You don't believe me...it is true because I now FURL instead of using boomarks for favorites that are stuck in a browser on a single computer. FURL has made it possible for me to share all of my web resources with everyone online. You can visit my FURLed sites.
I have set up categories to contain my urls and can determine if the urls are private, only for my viewing, or public online viewing. It is so easy to FURL new urls with the toolbar button that is linked in my favorite browser. When I find a url that I want to archive, all I do is click the FURL toolbar in my browser . I record a short description for my FURLed url and select the category I would like it referenced in. It is that simple for me to make my urls available to you! Oh, and did I mention that this is FREE!!!!

Now teachers, think of the possibilities!
1. You could publish links for students to activate their prior knowledge about content .

2. Share classroom resources for students and parents.

3. Create a classroom FURL site where students can add resources pertaining to a topic of study.

4. You could use FURL links for supporting your differentiated student tasks with varied level of text.

5. Collaborate with your grade level teaching team to find web resources for content area study so that everyone can contribute and reap the benefits of teamwork!

6. Students are using this outside the classroom:)

7. Create links to virtual manipulatives and other learning tools for students easy access!

8. Try out FURLing and email me with other ideas of how teachers are using FURL for classroom management and student learning activities. I will post them here!!

By the way----check out my Virtual Tools and Manipulatives category to find some useful online tools for students!
Well, the inevitable happened with technology...my hard drive crashed! Due to an interruption with my blog software there is a link now to my previous blogs called Past Blog Topics in my Links Bar on the right.

But about the CRASH! There were no symptoms that I could detect. I woke up after a late night of preparing for training sessions and the dreaded "can't find the operating system" error!! All my previous month's work--GONE! Yes, I do not always practice what I preach...my last file backup was 29 days ago!!! But remember I said THERE WERE NO SYMPTOMS!
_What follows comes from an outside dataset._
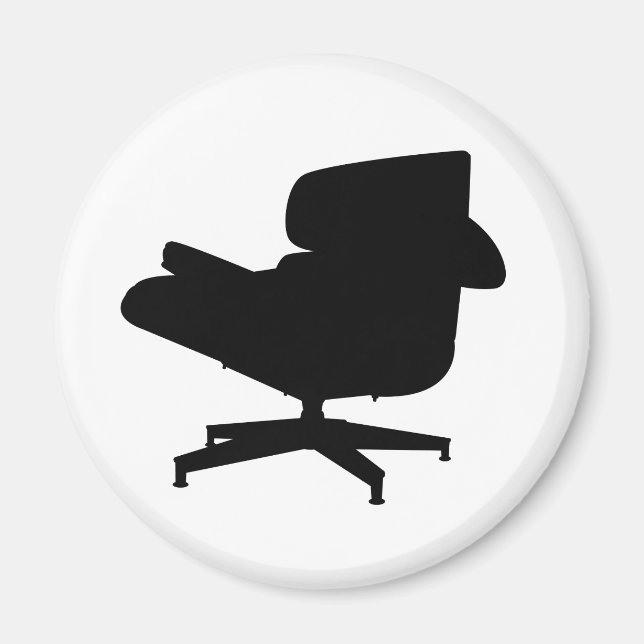 Aimant du fauteuil Eames Lounge (Devant)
But, come to find out that was not totally true, there was a clicking of the hard drive I hadn't noticed, but one had to put an ear right by the drive to hear it!

So for all those out there that work from a non-networked server environment like a home or home office and need to backup on a shoestring budget, I offer some sage advice:

1) You have a CD burner, right?! Well use it! Any time you create files, have email or a list of favorites that you could not bear to lose, burn to a CDRW to save your files. I now have a stack! It is the quickest way to backup data but you have to remember to do so!
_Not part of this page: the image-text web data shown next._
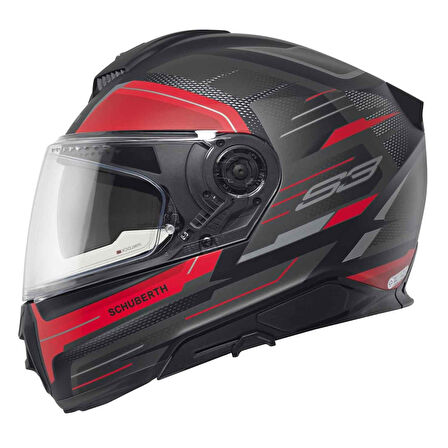 Schuberth S3 Apex Anthracite Kapalı  Kask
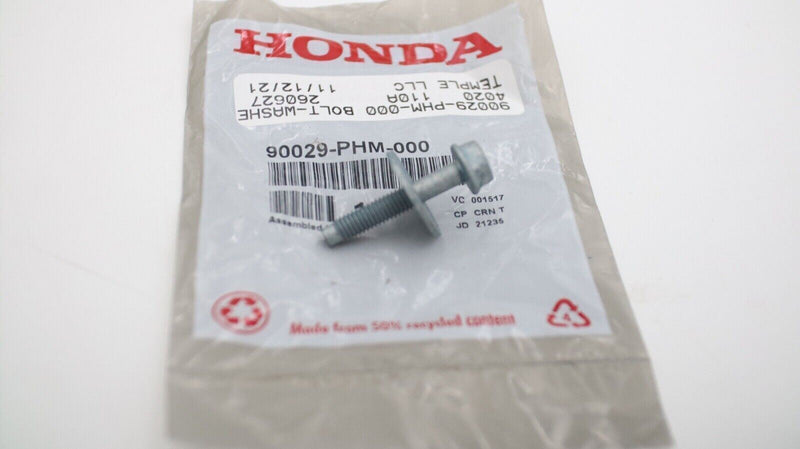 PERNOS DE LA TAPA DE LA CAJA DEL FILTRO DE AIRE DEL MOTOR HONDA / ACURA ORIGINALES DE ORIGEN OEM 6x35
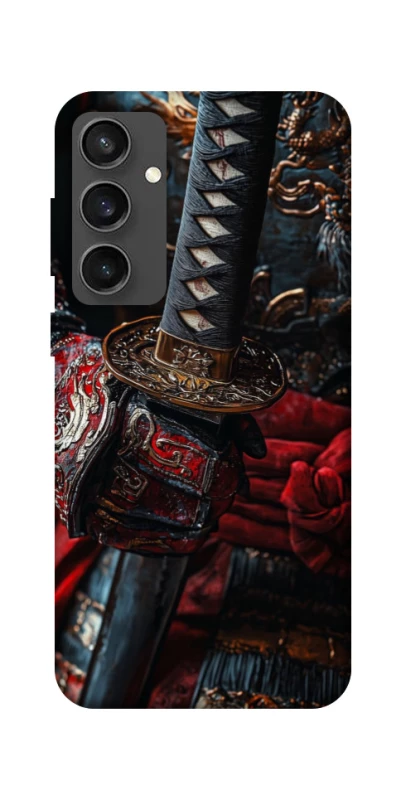 Чехол на Samsung Galaxy S24 FE samurai фото 1 из 1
2) Leave your email on your ISP's server for a period of time before they are deleted, if possible. That way they will still be available after something happens to your computer.

3) Consider a web-based mail account like G-Mail, Hotmail, etc.
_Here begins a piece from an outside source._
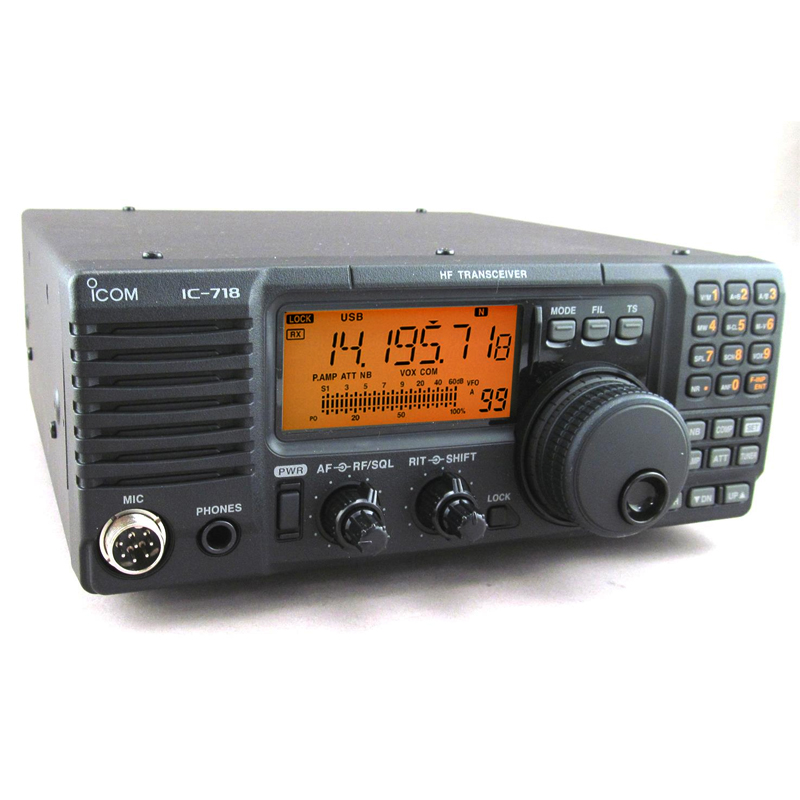 ICOM艾可慕 IC-718短波HF全波段收发信机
4) Use Furl to keep track of your archives of favorites or bookmarks of urls. The pain about backing up your files is that you have to remember more than just dragging a folder to a CDRW. Remembering to export your favorites/bookmarks is a hassle! A better solution may be to have a web-based solution for your favorite urls.

5) Label the disks you burn so that you don't have to go through everyone to find the files you are looking for when you restore to another machine. (Sounds simple right, but it seems that one is always in a hurry when doing a backup!)

6) Use an inexpensive flash/thumb drive to save your files. Mine ofcourse would need to be over 2 gigs for all my data.

7) And ofcourse, tell your friends about your mishap, so that it might jog them into thinking it may happen to them!! Just one week after my crash, my friend Meg also lost her hard drive!

8) Friends---heed the advice of colleagues when they tell you their system crashed and do something with your files before it happens to you!